I’ve noticed lately in Monti ( but I guess people using other Kadria variants see the same ) that a lot of modern browsers on one of our apps are using the web.browser.legacy architecture. Here’s a few examples of browsers I’ve seen get the legacy bundle.
Safari (WebKit) - 13.1.2 Mac OS - 10.15.4
Chrome - 85.0.4183.133 Chromium OS - 13310.93.0
Mobile Safari (WebKit) - 14.0 iOS - 14.0.1, mobile - Apple iPhone
But there are also examples of some getting the correct modern bundle. It seems a bit random?

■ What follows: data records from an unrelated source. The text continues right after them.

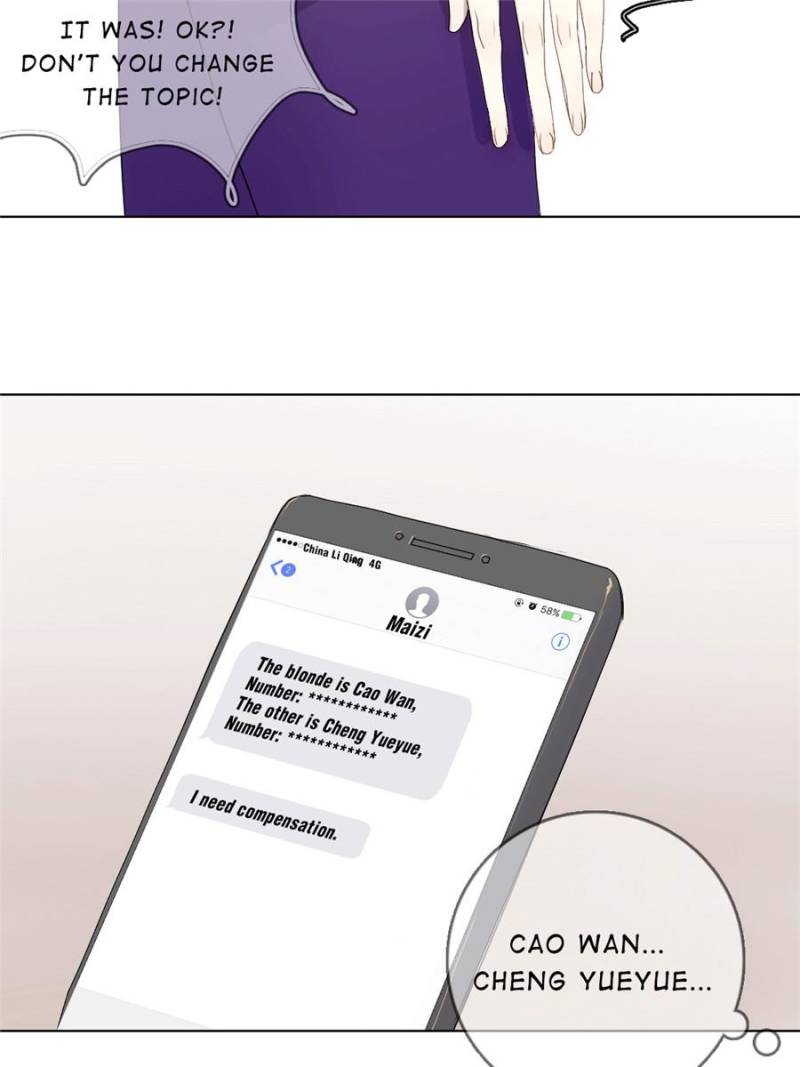 Page 35 of Chapter 50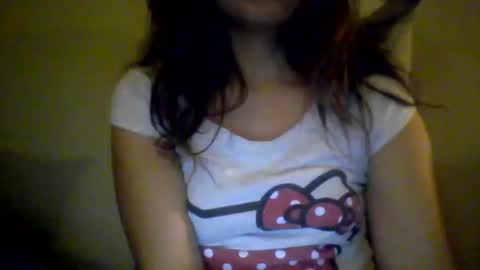 Snapshot of golfprincess chatting on 02-18-25, 01:32 golfprincess online show from 02-18-25, 01:32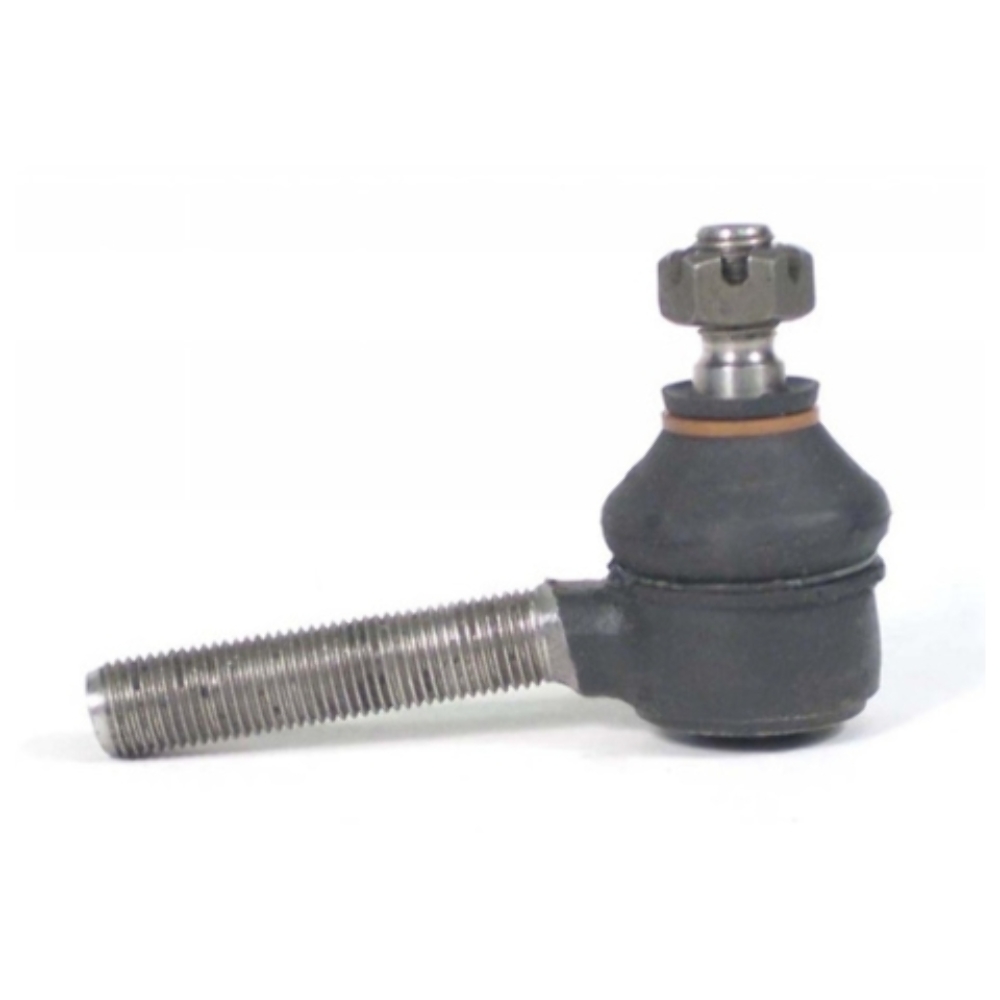 Steering Tie Rod End for 1967-1974 Volkswagen Front Left 26245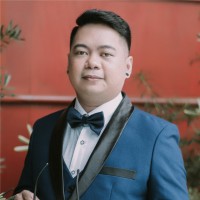 Vince Arthur Robles
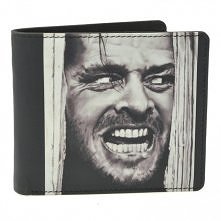 Męski portfel skórzany MUSTARD ACCESSORIES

In our other app much older versions of different browsers are getting the modern (web.browser) bundle as you’d expect.
Chrome - 85.0.4183.133 Chromium OS - 13310.93.0
Both apps are on Meteor 1.11 and whilst there are differences they use a pretty similar set of packages.

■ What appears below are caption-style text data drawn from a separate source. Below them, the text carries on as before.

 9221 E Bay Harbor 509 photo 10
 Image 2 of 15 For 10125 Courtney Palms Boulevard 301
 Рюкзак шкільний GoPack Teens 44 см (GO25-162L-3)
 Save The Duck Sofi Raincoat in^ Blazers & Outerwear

Has anyone had any experience with this? Any ideas for debugging it?
The modern-browsers package decides if the legacy or modern architecture should be used. When the server starts, packages or the app call setMinimumBrowserVersions to configure the minimum browser versions that support the modern architecture. There doesn’t seem to be an API to access the minimum versions, but you could start Meteor with meteor --inspect and create a breakpoint in the modern-browsers package to check what it is set to in each app.
I’ve noticed lately in Monti ( but I guess people using other Kadria variants see the same ) that a lot of modern browsers on one of our apps are using the web.browser.legacy architecture.

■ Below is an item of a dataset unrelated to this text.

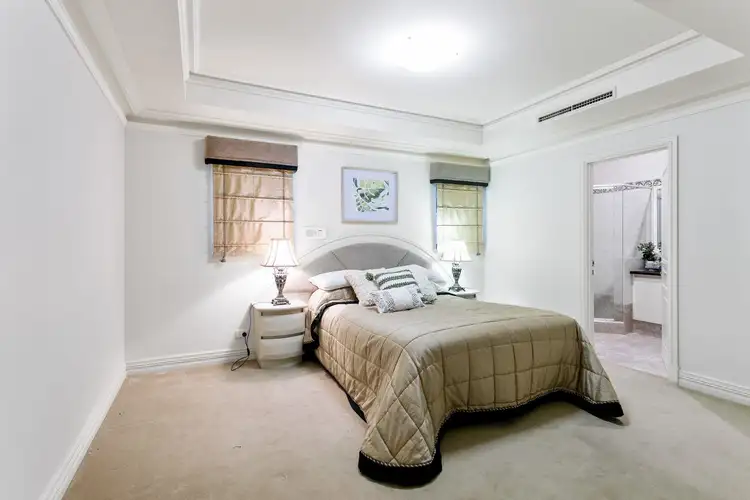 Third view of Homely house listing, Address available on request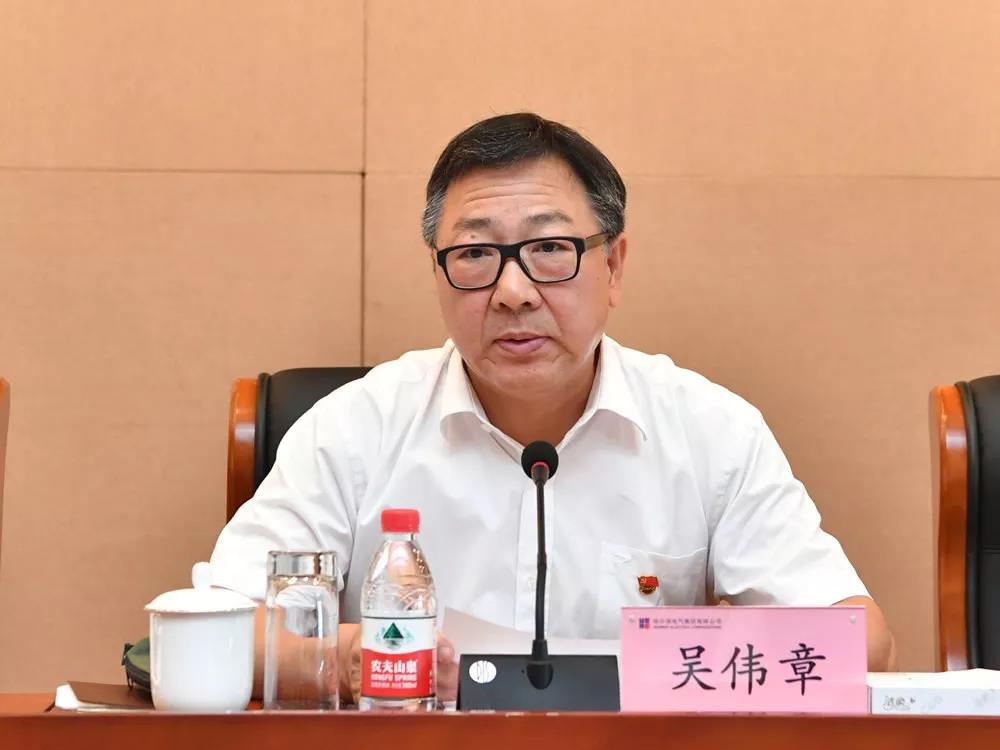 8188cc威尼斯(中国)有限公司官网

This feature is unique to Monti APM. I’m excited that it was useful for you.
I’m wondering if our Cordova (both iOS and Android) are using modern browser or legacy. We’re using the paid version of Monti. I just don’t have any idea where to look for it.
Cordova is a separate architecture, but it is considered legacy and mostly includes the same code and is compiled in the same way as the legacy web arch. How the modern and legacy architectures are designed is legacy is the default architecture since it should work almost anywhere, and the modern arch is considered an optional optimization for when Meteor knows the client supports it. With that design, the legacy arch worked better for cordova.
Monti APM shows the architecture for client errors, which I assume @marklynch was referring to. We’re working on a new feature to monitor the client, which will show how many users use each architecture, and which browsers are using the legacy arch.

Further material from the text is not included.